Apple; you make amazing computers. Your hardware is sturdy and reliable, and when it's not reliable you have great customer services to back it up. Your operating system is Unix-compliant, attractive, relatively stable and easy to use. Your phones are well-made and have a pretty decent OS, which is improving at an acceptable rate. You as an entity are the only weak link in the chain. You are the overbearing mother of the technology world; you refuse to ever let your products truly go to their new owners.

Without the indie software scene, OSX would be nothing. Sadly, some parts of the OS are so frustratingly closed that some things become almost prohibitive. The software you build and sell is fit for purpose (on-par with industry in some cases, below in most), but not nearly adequately varied to rival Windows or Linux.
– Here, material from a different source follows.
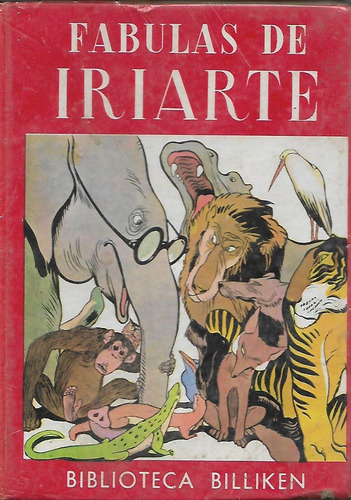 Coleccion Billiken - Fabulas De Iriarte- Ilust. F.  Rivas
When you released your phone, it was like the popular girl in school - looked so good in every way, but forced to spend more than 10 minutes with it and you wanted to smash it against a rock. Then came the App Store, and things were good for a while. You still, however, refused to let go control and some trivial things became impossible. This prompted an incredibly talented and generous group of people to start hacking the device so that people were free to use it as they wished. This was, after all, their right (regardless of terms and licensing - you part with outrageous amounts of cash, the right is yours!). You struggled for a while, but now you seem to have given up, which is nice. Thanks.

All of this meandering leads me to the crux of my point. You might be able to pull the wool over some people's eyes regarding Flash on your devices, but you don't fool me. I hope your hypocrisy left a horrible taste in your mouth when you wrote your letter to Adobe. If you think that any piece of Mac hardware or software is open, you must be kidding yourself as well as everyone else. How dare you preach openness whilst you supply us with phones and iPods that you can't even change the fucking battery in?! How dare you preach openness when I have to run the risk of rendering my phone useless just so I can install software I want on it?! How fucking dare you preach openness when you actively and vocally restrict Flash from being installed in any capacity on a device that I own?!

And another thing; HTML5 may well be relatively open compared to Flash, but if I want to use HTML5 video, I guess I'll be needing the H.264 codec (at time of writing). That famously open source codec. What's that? It's not open source? So Firefox (truly open) will never be able to support it? Sounds great.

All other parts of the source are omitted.